Bellingham reapareció con la calma de los grandes. Volvió a jugar con precisión, instinto y esa elegancia que convierte lo difícil en natural.
Mbappé, por su parte, demostró por qué es uno de los mejores: su frialdad letal en la definición, su velocidad instintiva y esa capacidad para pensar antes que todos los demás.

Y Vinícius, ese genio eléctrico, capaz de iluminar un partido y apagarlo con la misma rapidez cuando pierde el autocontrol. Porque sí, Vinícius es brillante hasta que se le cruzan los cables. Su rabieta al ser sustituido recordó que el talento también necesita madurez, que el fútbol no solo se juega con los pies, sino con la cabeza.
Enfrente, Lamine Yamal, ese adolescente sin miedo a nada ni a nadie, volvió a encender todas las alarmas. Provocador, descarado, incluso insolente…
El futuro está ahí, latiendo en sus botas, pero alguien debería advertirle que el talento necesita madurez, o acaba devorado por su propio fuego.
El VAR, fiel a su papel, no quiso quedarse fuera del Clásico.
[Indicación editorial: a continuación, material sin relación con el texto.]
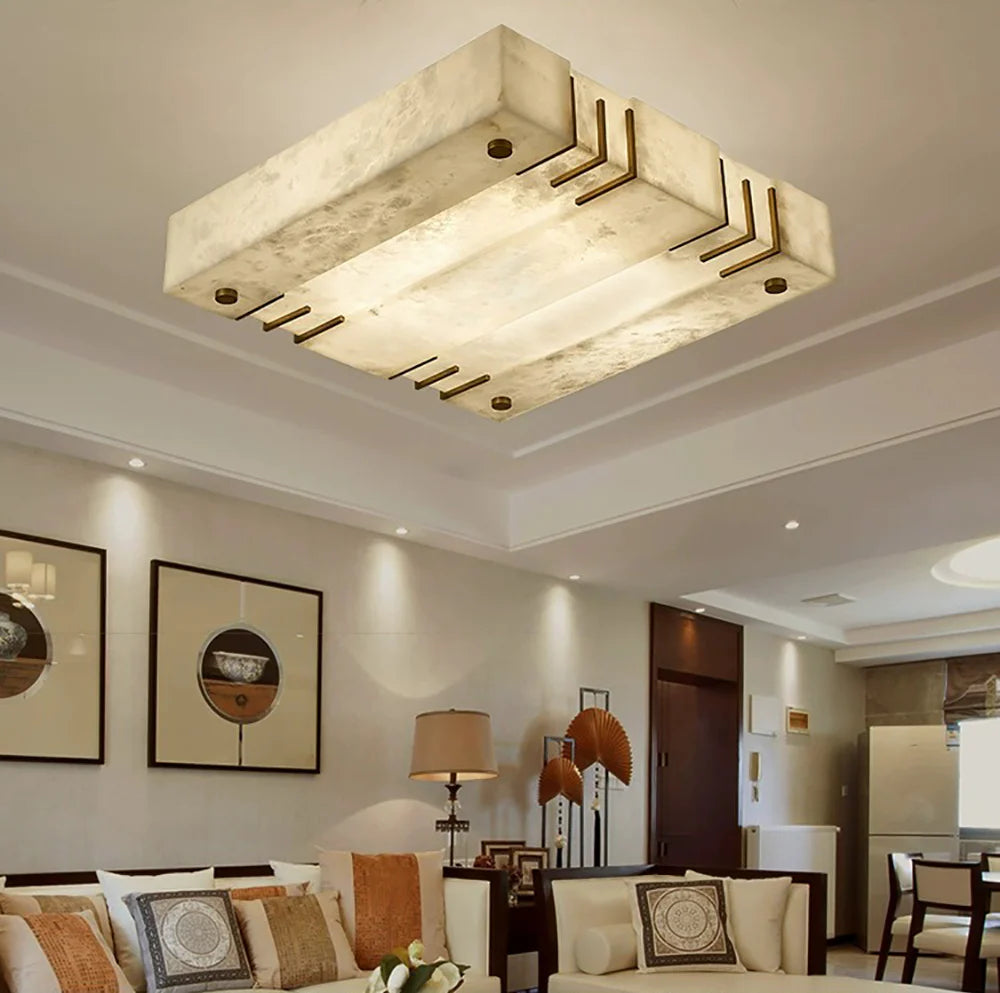 Square Alabaster Ceiling Lamps - Nuvé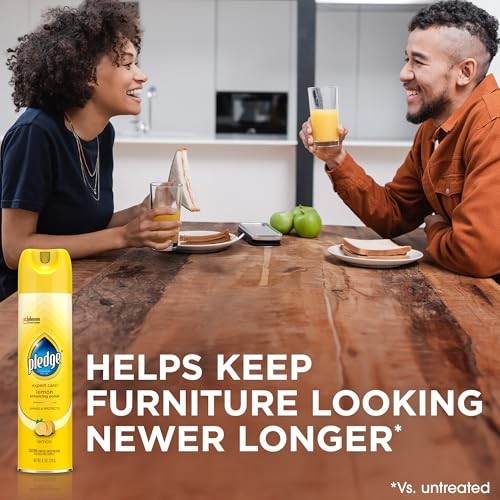 Pledge Enhancing Polish Spray Lemon Scent Wood Furniture Stainless Steel 9.7oz 3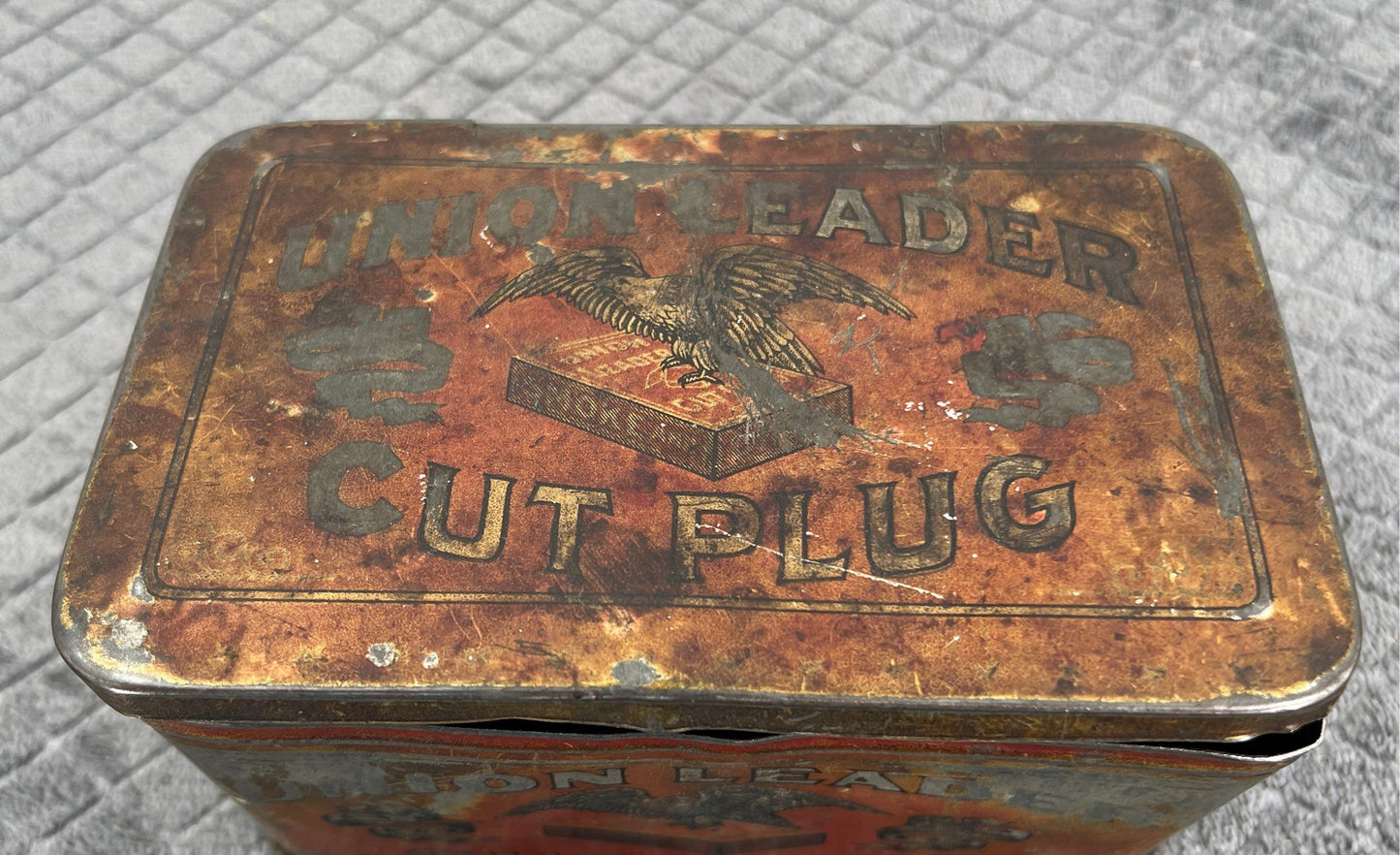 Vintage Union Leader Cut Plug Tobacco Advertising Hinged Tin-Early 20th Century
Polémicas, interrupciones, ojos calibrando líneas, milímetros que deciden alegrías o disgustos. Y uno no puede evitar preguntarse: ¿de verdad queremos que un gol quede anulado por medio centímetro o, como ayer, por escasos milímetros de un pie imperceptiblemente adelantado?
Ya podrían dar un pequeño margen de centímetros, una franquicia a la magia, para no penalizar estas jugadas tan ajustadas. Porque es ahí donde el fútbol se traiciona a sí mismo.
El VAR debería tener un principio básico: si la jugada es tan dudosa que necesita diez repeticiones, entonces hay que dejarla vivir.
Un deporte que nació para emocionar no puede reducir su esencia a una regla de escuadra y cartabón. Mientras tanto, seguimos viendo contradicciones: un árbitro puede pitar un penalti o anular un gol por la intensidad que él estima en un empujón previo y, por otro lado, una máquina puede invalidar un precioso gol por un milímetro.
Un poco más de flexibilidad en favor del espectáculo, por favor.
El 2-1 final no solo coloca al Madrid en lo alto: devuelve a los aficionados la certeza de que este deporte aún puede emocionarnos. Porque el fútbol, cuando se libera de sus cadenas, no es solo un deporte: es una corriente eléctrica que atraviesa ciudades, rivalidades y generaciones.
Y ayer, más que nunca, recordó al mundo que la magia del fútbol no se mide en centímetros, sino en emociones.